13 Apr 2026 14 min read 1 Views
Microsurgical Treatment of Nerve Injuries: Operative Guide

Key Takeaway

Peripheral nerve injuries demand meticulous microsurgical techniques to restore motor and sensory function. This comprehensive guide details the principles of neurorrhaphy, including epineurial, perineurial, and epiperineurial repairs, alongside advanced interfascicular nerve grafting. By minimizing anastomotic tension and optimizing fascicular alignment, orthopedic surgeons can significantly enhance axonal regeneration and patient outcomes following complex traumatic nerve transections.

MICROSURGICAL TREATMENT OF PERIPHERAL NERVE INJURIES

The microsurgical reconstruction of peripheral nerve injuries represents one of the most technically demanding and biologically complex challenges in operative orthopaedics. Because anomalous innervations (such as Martin-Gruber or Riche-Cannieu anastomoses) are sufficiently common to produce profound confusion when evaluating postoperative nerve regeneration, a meticulous and detailed neurological examination of the extremity before surgery is paramount to accurately determine baseline motor and sensory deficits.

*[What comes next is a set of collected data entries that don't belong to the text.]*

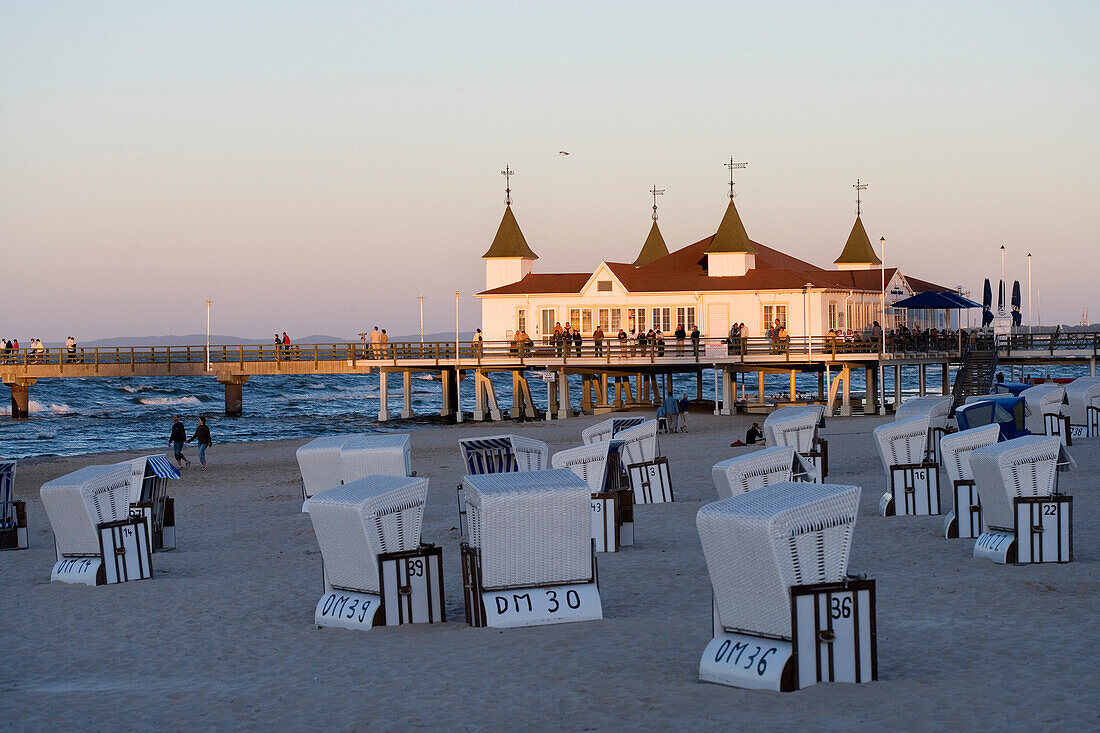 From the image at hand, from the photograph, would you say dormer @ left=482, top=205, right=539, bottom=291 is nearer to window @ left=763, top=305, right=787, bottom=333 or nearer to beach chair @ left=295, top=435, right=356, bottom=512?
window @ left=763, top=305, right=787, bottom=333

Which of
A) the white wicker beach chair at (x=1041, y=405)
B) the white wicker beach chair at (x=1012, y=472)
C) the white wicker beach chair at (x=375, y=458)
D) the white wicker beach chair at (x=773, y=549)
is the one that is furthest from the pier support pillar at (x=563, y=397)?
the white wicker beach chair at (x=773, y=549)

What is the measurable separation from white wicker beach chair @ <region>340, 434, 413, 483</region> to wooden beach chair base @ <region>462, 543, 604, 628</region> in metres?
6.78

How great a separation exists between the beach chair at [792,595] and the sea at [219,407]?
114 feet

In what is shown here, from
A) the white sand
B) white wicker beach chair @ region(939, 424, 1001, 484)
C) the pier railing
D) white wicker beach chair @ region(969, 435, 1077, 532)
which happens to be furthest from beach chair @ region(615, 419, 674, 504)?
the pier railing

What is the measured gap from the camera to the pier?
42281 millimetres

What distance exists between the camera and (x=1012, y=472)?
1203 cm

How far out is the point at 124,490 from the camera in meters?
13.7

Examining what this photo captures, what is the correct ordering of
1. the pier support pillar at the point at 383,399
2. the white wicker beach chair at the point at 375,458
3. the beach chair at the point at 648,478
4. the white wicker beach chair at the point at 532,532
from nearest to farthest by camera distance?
the white wicker beach chair at the point at 532,532 < the white wicker beach chair at the point at 375,458 < the beach chair at the point at 648,478 < the pier support pillar at the point at 383,399

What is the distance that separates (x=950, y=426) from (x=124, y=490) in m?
12.9

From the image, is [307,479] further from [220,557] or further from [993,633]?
[993,633]

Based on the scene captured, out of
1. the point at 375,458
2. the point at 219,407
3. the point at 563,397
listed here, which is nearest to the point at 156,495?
the point at 375,458

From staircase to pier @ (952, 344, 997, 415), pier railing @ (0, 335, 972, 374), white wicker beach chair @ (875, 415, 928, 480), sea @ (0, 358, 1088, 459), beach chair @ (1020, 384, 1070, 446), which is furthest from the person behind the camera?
sea @ (0, 358, 1088, 459)

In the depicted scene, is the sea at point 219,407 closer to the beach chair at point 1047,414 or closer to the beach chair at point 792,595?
the beach chair at point 1047,414

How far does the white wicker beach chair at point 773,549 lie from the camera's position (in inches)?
306
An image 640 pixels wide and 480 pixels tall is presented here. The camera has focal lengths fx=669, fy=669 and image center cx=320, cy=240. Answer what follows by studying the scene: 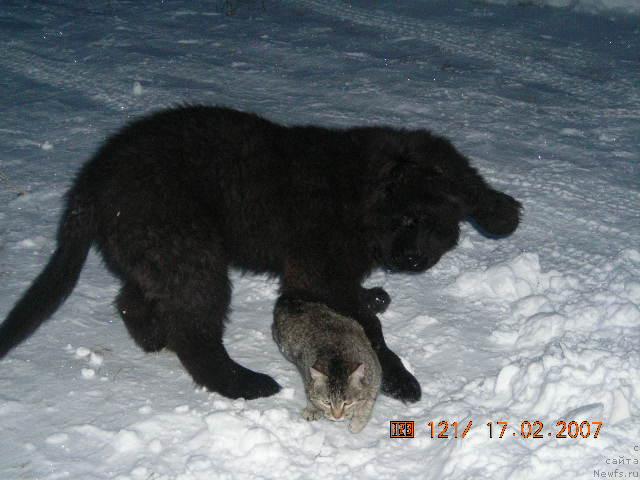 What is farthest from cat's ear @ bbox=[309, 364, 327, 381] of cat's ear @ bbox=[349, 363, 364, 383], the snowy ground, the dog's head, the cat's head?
the dog's head

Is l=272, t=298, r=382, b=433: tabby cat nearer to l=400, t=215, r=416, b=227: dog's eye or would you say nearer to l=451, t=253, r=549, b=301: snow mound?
l=400, t=215, r=416, b=227: dog's eye

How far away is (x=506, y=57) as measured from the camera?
8305 millimetres

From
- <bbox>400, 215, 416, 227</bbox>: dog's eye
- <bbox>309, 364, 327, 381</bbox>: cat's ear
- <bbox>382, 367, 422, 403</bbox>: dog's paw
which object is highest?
<bbox>400, 215, 416, 227</bbox>: dog's eye

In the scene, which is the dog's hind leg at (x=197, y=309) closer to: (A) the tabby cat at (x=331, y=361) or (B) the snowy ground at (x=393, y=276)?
(B) the snowy ground at (x=393, y=276)

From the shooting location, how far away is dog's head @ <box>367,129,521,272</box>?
3857 mm

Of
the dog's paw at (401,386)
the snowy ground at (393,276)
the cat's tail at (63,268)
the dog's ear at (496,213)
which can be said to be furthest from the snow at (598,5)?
the cat's tail at (63,268)

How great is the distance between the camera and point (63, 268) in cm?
363

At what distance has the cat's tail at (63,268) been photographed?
3521 millimetres

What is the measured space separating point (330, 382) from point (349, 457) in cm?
36

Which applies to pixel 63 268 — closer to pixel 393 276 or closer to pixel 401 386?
pixel 401 386

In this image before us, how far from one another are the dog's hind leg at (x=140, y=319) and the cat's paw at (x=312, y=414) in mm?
913

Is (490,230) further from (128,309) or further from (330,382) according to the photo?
(128,309)

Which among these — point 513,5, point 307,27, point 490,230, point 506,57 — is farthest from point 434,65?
point 490,230

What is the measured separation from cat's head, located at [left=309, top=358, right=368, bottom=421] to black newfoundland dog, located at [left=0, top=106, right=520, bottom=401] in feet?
0.99
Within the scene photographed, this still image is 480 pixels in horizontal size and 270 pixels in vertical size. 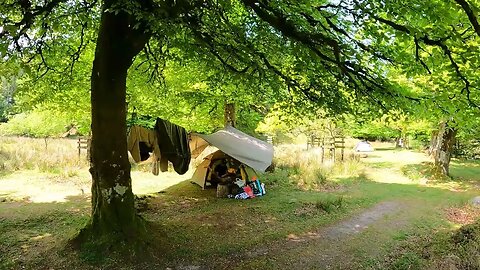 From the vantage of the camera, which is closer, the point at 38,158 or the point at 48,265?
the point at 48,265

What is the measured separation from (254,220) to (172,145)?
307 centimetres

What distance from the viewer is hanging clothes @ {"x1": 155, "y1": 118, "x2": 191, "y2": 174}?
10.1 metres

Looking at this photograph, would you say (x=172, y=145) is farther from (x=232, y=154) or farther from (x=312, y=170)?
(x=312, y=170)

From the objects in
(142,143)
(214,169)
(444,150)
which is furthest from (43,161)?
(444,150)

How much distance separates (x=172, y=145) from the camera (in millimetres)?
10266

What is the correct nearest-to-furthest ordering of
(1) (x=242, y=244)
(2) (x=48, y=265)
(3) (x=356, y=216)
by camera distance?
(2) (x=48, y=265), (1) (x=242, y=244), (3) (x=356, y=216)

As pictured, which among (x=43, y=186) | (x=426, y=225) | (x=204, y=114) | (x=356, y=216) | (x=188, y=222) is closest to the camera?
(x=188, y=222)

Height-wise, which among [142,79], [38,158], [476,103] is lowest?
[38,158]

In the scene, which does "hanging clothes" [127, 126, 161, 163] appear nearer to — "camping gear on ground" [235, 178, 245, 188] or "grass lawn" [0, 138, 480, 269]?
"grass lawn" [0, 138, 480, 269]

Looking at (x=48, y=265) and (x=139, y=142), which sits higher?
(x=139, y=142)

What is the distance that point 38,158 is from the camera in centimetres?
1645

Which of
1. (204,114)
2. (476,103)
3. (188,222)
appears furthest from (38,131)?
(476,103)

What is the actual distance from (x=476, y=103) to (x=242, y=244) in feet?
14.7

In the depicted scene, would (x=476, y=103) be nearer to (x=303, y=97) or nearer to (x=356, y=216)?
(x=303, y=97) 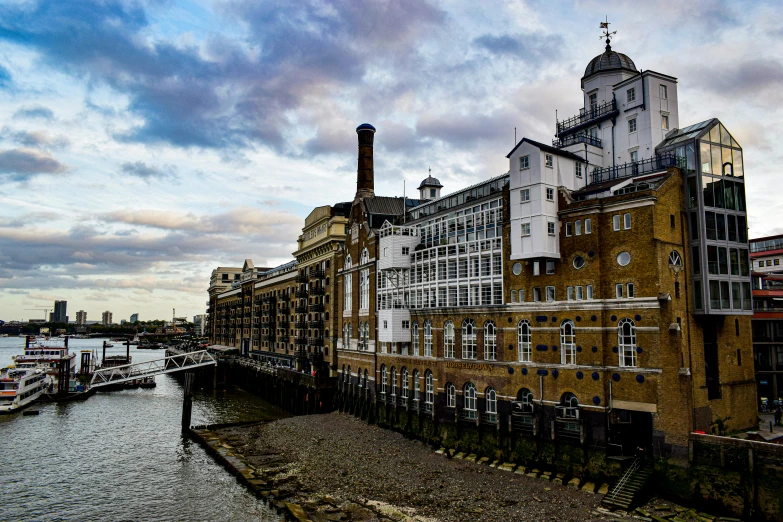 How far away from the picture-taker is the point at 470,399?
141 feet

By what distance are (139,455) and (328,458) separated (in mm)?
17898

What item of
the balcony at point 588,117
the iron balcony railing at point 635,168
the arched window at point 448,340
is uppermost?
the balcony at point 588,117

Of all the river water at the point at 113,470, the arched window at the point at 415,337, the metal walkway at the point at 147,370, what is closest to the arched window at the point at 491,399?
the arched window at the point at 415,337

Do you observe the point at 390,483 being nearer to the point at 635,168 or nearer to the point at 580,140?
the point at 635,168

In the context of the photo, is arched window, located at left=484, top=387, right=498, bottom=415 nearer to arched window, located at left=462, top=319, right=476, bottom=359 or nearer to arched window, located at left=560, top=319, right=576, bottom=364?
arched window, located at left=462, top=319, right=476, bottom=359

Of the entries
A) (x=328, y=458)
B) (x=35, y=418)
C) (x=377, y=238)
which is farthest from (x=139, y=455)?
(x=377, y=238)

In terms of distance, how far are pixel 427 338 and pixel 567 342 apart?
1551cm

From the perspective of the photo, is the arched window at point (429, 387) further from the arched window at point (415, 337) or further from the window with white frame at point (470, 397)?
the window with white frame at point (470, 397)

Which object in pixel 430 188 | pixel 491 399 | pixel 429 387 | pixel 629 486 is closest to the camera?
pixel 629 486

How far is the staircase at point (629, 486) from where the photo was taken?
2867 centimetres

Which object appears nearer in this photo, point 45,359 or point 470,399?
point 470,399

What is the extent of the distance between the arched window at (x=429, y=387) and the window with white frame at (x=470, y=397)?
405 cm

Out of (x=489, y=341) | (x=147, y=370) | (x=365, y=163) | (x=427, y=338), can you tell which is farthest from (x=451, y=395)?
(x=147, y=370)

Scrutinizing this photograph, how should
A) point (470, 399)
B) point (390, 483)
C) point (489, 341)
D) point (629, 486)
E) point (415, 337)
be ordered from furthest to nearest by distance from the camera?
point (415, 337)
point (470, 399)
point (489, 341)
point (390, 483)
point (629, 486) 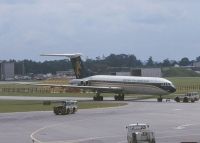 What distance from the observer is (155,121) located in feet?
170

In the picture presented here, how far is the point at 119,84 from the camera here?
323ft

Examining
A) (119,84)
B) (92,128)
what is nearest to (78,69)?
(119,84)

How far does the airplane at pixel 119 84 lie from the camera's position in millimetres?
94750

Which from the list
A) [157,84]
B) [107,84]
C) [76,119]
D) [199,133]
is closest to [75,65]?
A: [107,84]

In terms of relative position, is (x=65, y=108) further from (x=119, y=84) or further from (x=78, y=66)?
(x=78, y=66)

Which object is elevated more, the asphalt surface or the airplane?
the airplane

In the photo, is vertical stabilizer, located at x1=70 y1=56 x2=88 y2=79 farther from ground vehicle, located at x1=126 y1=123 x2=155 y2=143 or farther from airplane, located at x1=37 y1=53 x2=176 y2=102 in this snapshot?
ground vehicle, located at x1=126 y1=123 x2=155 y2=143

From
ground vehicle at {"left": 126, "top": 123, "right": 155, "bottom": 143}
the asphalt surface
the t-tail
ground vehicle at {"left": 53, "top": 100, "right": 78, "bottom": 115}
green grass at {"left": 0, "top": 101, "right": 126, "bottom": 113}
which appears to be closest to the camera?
ground vehicle at {"left": 126, "top": 123, "right": 155, "bottom": 143}

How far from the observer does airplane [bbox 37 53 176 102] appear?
9475 centimetres

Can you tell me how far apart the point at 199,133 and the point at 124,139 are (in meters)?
6.43

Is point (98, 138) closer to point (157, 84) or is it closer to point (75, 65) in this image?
point (157, 84)

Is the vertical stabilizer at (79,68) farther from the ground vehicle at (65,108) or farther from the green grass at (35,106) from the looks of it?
the ground vehicle at (65,108)

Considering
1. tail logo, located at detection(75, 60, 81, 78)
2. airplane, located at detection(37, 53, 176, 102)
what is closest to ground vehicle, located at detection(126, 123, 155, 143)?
airplane, located at detection(37, 53, 176, 102)

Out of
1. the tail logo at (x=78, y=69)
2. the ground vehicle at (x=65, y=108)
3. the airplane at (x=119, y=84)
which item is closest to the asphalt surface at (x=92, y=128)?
the ground vehicle at (x=65, y=108) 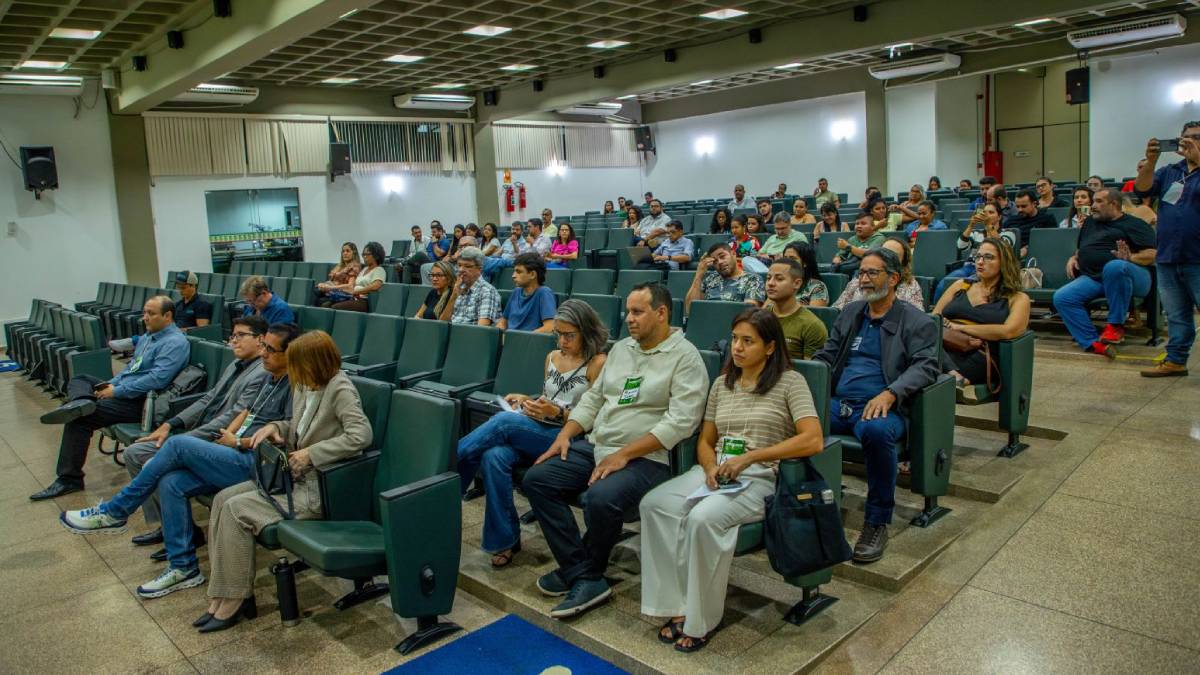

The ultimate success of peripheral neurorrhaphy is dictated by a multitude of intersecting variables. These include the nature of the wounding agent (sharp transection versus crush/avulsion), the longitudinal extent of the nerve injury, the presence of concomitant soft tissue or vascular injuries, the anatomical level of the injury (proximal injuries carry a poorer prognosis due to the distance regenerating axons must travel), the delay between injury and repair, the stability of the skeletal fixation, the choice of suture material, and the specific suturing technique employed.

Furthermore, the condition of the nerve ends at the time of coaptation, the age of the patient (neuroplasticity and regenerative capacity are significantly higher in pediatric populations), and the amount of tension at the suture anastomosis are critical determinants of success. Experimental evidence unequivocally demonstrates that tension across a nerve repair induces intraneural ischemia and subsequent fibrosis, which is the single most detrimental mechanical factor affecting the outcome of axonal regeneration.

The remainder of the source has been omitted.